Here’s a short recap from BuildingGreen of the best 10 products, technologies and cutting edge ideas. They all can be pretty technical, but I am partial to the last one, USAI Lighting Color Select Tunable Lighting. This kind of controllable lighting could be a key option for museum collections requiring a special spectrum of light. Be on the look out for them!

  1. Johns Manville ENRGY 3.E Halogen-Free Polyiso Insulation
    Johns Manville is the first manufacturer to sell a polyisocyanurate roofing insulation not containing TCPP, or Tris (1-chloro-2-propyl) phosphate, the halogenated flame retardant used in polyiso and spray foam.
  2. Organic Furnishings from Ekla Home
    These furnishings are made from natural latex and do not require chemical flame retardants.

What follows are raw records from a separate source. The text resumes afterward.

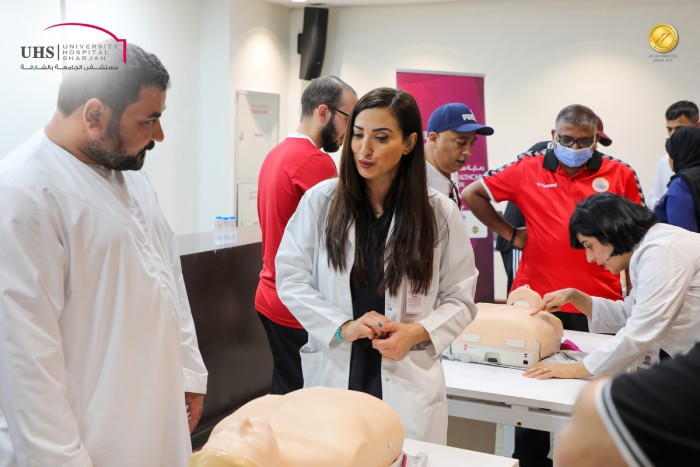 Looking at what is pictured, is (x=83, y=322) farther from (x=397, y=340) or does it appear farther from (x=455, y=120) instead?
(x=455, y=120)

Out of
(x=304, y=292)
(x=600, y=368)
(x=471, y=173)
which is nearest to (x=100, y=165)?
(x=304, y=292)

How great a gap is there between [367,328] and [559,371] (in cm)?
97

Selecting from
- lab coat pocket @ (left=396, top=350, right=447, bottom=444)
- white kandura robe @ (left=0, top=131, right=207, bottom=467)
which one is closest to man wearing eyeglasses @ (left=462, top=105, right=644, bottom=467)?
lab coat pocket @ (left=396, top=350, right=447, bottom=444)

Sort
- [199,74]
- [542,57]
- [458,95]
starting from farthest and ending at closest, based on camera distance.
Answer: [542,57], [199,74], [458,95]

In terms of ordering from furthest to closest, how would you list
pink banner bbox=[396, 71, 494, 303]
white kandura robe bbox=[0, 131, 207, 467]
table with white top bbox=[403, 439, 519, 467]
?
pink banner bbox=[396, 71, 494, 303] → table with white top bbox=[403, 439, 519, 467] → white kandura robe bbox=[0, 131, 207, 467]

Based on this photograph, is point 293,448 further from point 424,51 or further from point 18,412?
point 424,51

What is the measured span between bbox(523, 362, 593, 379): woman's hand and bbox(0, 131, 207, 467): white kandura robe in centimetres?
130

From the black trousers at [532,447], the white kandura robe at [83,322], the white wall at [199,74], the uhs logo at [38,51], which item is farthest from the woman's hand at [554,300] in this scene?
the white wall at [199,74]

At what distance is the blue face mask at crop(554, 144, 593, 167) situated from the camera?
10.6 feet

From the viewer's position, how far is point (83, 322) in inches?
56.4

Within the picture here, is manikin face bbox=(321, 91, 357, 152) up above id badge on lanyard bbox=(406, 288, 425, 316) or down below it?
above

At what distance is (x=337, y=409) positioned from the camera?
54.4 inches

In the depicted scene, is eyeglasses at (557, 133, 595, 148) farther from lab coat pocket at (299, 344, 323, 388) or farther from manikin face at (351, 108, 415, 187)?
lab coat pocket at (299, 344, 323, 388)

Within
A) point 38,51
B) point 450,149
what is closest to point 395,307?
point 450,149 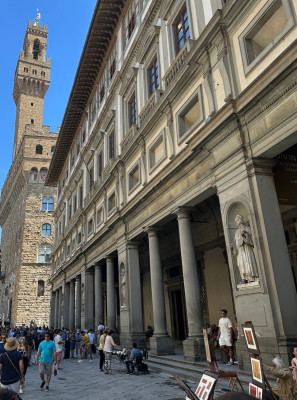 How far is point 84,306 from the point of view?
24859 mm

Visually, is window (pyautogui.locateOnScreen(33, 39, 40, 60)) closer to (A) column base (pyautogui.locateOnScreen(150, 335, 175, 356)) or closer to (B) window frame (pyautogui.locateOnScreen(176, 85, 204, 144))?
(B) window frame (pyautogui.locateOnScreen(176, 85, 204, 144))

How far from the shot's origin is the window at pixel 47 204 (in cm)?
5347

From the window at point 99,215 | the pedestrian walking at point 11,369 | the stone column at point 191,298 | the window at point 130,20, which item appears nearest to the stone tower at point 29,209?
the window at point 99,215

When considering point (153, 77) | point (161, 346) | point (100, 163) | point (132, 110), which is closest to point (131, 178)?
point (132, 110)

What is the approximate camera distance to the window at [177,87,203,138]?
12.0 m

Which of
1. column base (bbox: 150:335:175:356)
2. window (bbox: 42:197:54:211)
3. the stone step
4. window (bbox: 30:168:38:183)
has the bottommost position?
the stone step

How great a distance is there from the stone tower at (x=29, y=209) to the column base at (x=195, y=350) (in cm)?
4277

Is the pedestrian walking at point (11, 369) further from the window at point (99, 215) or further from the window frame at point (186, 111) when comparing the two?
the window at point (99, 215)

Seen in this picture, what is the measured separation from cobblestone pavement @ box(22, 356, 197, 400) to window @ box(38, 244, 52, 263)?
40.4m

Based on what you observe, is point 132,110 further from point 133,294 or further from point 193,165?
point 133,294

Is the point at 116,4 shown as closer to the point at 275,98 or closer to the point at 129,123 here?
the point at 129,123

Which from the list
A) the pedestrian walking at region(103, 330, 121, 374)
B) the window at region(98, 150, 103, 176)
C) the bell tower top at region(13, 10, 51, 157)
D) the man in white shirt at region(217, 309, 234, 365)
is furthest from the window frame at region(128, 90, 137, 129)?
the bell tower top at region(13, 10, 51, 157)

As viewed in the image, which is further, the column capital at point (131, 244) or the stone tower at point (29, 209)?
the stone tower at point (29, 209)

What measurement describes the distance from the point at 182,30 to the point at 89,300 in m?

  3. KI Chair with AirCarbon Plastic
    The materials that go into the KI Chair come from agriculturally-sourced methane rather than petroleum, which makes the chair carbon-negative.

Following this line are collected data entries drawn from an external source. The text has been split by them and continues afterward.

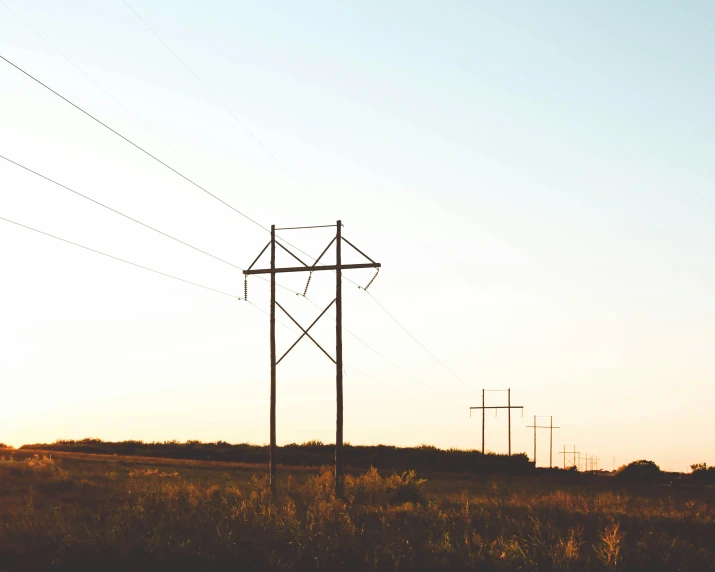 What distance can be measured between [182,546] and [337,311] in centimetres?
1570

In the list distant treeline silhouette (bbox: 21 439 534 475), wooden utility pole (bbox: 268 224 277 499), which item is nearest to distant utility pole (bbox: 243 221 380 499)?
wooden utility pole (bbox: 268 224 277 499)

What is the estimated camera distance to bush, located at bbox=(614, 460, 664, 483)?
78.8 m

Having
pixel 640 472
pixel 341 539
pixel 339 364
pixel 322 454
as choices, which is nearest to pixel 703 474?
pixel 640 472

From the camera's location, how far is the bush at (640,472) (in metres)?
78.8

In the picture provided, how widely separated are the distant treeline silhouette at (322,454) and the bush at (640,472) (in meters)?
8.97

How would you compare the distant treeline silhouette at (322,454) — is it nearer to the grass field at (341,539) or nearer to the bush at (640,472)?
the bush at (640,472)

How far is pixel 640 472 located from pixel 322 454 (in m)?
30.8

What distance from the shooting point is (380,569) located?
15.1 meters

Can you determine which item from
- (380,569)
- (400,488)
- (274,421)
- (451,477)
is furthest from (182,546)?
(451,477)

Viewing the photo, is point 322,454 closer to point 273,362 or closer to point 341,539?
point 273,362

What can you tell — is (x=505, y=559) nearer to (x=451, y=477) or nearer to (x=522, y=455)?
(x=451, y=477)

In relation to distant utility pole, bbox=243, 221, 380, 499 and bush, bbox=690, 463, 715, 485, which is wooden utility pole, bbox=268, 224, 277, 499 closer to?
distant utility pole, bbox=243, 221, 380, 499

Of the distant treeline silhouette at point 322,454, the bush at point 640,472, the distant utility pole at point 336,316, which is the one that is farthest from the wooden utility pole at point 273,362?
the bush at point 640,472

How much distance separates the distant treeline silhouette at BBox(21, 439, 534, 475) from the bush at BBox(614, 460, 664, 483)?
8965mm
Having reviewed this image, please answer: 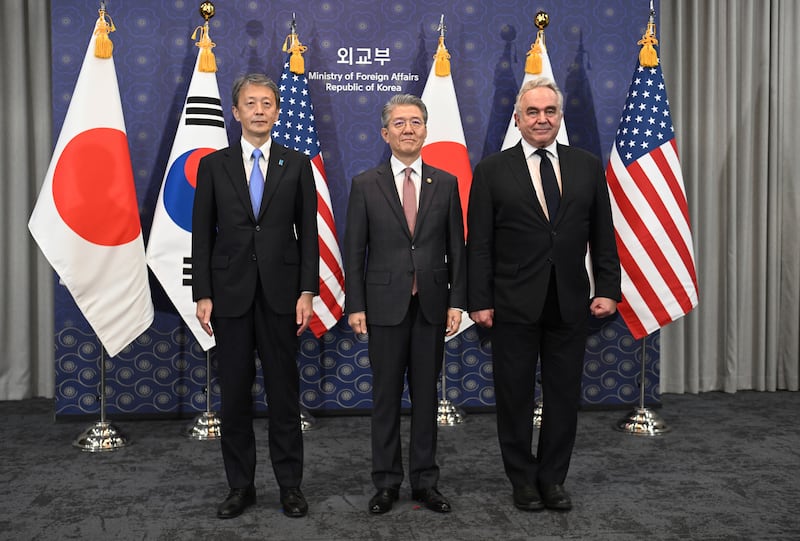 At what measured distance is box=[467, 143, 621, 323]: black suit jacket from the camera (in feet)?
A: 9.38

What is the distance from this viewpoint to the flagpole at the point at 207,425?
409cm

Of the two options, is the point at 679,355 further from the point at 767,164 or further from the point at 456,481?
the point at 456,481

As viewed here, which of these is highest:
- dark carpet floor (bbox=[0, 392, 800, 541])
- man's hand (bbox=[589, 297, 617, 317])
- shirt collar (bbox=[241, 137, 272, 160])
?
shirt collar (bbox=[241, 137, 272, 160])

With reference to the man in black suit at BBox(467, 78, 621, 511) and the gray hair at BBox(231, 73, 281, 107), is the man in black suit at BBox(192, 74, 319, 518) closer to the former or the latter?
the gray hair at BBox(231, 73, 281, 107)

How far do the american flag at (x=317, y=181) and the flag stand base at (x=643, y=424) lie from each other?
1747mm

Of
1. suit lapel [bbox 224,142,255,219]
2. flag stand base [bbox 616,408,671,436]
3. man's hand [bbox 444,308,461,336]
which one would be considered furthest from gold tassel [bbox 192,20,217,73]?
flag stand base [bbox 616,408,671,436]

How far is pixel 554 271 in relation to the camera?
2.86 metres

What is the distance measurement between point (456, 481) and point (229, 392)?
1134mm

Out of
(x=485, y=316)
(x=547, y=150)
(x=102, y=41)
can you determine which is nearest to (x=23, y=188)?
(x=102, y=41)

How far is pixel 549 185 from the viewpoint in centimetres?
289

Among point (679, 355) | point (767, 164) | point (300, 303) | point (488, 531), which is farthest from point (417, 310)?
point (767, 164)

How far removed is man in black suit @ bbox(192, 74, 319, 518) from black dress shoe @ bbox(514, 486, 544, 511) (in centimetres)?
84

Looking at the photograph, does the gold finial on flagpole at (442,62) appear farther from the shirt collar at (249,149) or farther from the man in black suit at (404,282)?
the shirt collar at (249,149)

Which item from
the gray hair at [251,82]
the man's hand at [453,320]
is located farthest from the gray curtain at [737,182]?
the gray hair at [251,82] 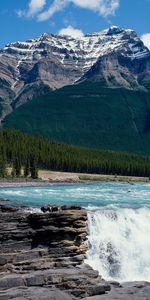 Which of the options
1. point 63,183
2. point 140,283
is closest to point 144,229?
point 140,283

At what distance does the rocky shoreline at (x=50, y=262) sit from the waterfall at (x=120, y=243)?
44.2ft

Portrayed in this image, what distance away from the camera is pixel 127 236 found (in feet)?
200

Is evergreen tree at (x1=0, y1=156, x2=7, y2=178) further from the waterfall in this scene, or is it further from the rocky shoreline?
the rocky shoreline

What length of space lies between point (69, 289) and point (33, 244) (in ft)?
17.8

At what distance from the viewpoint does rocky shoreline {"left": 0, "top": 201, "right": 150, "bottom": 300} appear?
33.4 m

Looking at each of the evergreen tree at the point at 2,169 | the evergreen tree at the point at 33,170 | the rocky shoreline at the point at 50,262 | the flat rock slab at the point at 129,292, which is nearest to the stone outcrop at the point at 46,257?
the rocky shoreline at the point at 50,262

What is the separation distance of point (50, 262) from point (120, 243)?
74.1 ft

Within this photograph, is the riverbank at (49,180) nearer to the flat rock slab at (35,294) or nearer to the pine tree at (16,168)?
the pine tree at (16,168)

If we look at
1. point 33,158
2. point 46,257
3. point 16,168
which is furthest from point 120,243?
point 33,158

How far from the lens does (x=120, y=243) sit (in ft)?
190

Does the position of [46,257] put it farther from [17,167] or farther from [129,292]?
[17,167]

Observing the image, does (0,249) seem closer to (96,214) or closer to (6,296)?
(6,296)

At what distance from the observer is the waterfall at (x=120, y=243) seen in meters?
53.0

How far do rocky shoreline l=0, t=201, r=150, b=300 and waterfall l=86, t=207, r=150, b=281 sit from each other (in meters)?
13.5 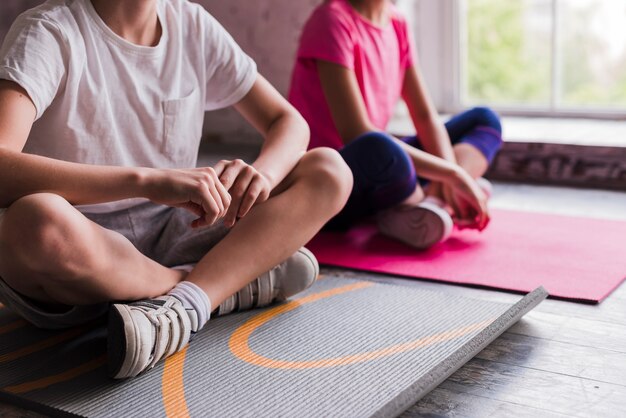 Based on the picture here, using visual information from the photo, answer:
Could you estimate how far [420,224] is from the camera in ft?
5.43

  4. FocalPoint Bioretention System
    This filtration systems provides the performance of natural storm water filtration on a very small footprint.
  5. Multistack Magnetic Levitation Chillers with Danfoss Compressors
    These chillers cool offices, schools, and large commercial buildings; they are energy-efficient and eliminate the need for mechanical seals, gears, pumps, and many other conventional components.

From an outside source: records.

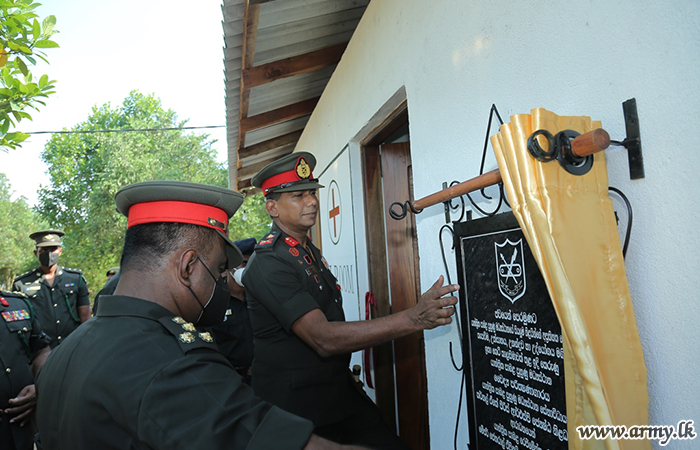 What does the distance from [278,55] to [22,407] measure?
3.07 meters

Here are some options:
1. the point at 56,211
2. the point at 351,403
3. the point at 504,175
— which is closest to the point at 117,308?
the point at 504,175

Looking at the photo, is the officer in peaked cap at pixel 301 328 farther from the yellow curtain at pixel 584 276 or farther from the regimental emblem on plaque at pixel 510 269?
the yellow curtain at pixel 584 276

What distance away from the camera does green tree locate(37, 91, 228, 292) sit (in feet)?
75.6

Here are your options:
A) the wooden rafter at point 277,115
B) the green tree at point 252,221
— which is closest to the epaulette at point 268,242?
the wooden rafter at point 277,115

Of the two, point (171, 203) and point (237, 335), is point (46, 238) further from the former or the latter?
point (171, 203)

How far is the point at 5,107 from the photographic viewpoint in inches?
90.5

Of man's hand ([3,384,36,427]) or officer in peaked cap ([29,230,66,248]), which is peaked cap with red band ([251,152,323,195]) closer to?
man's hand ([3,384,36,427])

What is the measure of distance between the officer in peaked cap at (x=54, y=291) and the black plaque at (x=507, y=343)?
5.50m

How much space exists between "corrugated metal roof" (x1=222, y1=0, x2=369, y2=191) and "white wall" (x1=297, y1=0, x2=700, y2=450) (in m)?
1.30

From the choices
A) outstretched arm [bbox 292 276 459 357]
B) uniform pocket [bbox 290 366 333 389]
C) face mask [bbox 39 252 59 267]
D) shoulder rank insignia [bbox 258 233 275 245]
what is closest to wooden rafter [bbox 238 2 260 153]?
shoulder rank insignia [bbox 258 233 275 245]

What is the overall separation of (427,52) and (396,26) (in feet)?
1.57

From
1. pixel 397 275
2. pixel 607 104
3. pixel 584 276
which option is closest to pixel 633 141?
pixel 607 104

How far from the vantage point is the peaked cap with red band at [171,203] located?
139 cm

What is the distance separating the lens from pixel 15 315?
2.84 meters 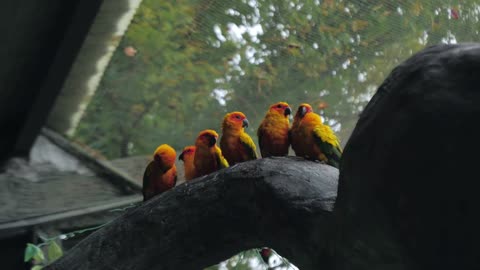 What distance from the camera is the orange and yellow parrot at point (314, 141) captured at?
162 cm

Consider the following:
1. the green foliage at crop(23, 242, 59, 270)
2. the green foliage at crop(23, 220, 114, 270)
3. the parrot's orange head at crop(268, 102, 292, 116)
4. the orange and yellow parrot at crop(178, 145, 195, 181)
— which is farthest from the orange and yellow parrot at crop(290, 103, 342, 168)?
the green foliage at crop(23, 242, 59, 270)

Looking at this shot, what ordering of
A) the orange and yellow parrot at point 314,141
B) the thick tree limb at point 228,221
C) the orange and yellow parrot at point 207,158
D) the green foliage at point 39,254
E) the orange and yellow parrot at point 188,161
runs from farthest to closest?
the green foliage at point 39,254 < the orange and yellow parrot at point 188,161 < the orange and yellow parrot at point 207,158 < the orange and yellow parrot at point 314,141 < the thick tree limb at point 228,221

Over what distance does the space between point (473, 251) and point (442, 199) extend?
9cm

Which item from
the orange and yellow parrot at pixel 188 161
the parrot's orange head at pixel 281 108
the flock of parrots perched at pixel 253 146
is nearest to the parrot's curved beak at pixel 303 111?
the flock of parrots perched at pixel 253 146

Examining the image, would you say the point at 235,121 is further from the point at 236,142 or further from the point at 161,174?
the point at 161,174

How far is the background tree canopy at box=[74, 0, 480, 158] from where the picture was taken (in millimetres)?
2715

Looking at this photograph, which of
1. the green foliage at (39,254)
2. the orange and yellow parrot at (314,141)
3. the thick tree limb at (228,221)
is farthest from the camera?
the green foliage at (39,254)

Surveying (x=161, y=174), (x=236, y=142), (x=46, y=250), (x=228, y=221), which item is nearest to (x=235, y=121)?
(x=236, y=142)

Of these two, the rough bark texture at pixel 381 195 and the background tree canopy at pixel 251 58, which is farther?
the background tree canopy at pixel 251 58

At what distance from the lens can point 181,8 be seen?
2.81 metres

  6. Fluid-Applied Cat 5 Air Barrier System from Prosoco
    The parts that make up these air barriers are based on the high-performance “hybrid” polymer chemistry, which lacks solvents and isocyanates; in addition, the removal of phthalate plasticizers makes them eligible for use in Living Building Challenge Products.
  7. Clean Energy Collective
    The collective develops locally-sited photovoltaic facilities across the U.S. and engages with local utilities so that local people can purchase and own PV panels within a shared array.
  8. Cascadia Clip Thermal Spacers
    The Cascadia Clip offers support for cladding over insulation, and it decreases thermal bridging more effectively than conventional methods.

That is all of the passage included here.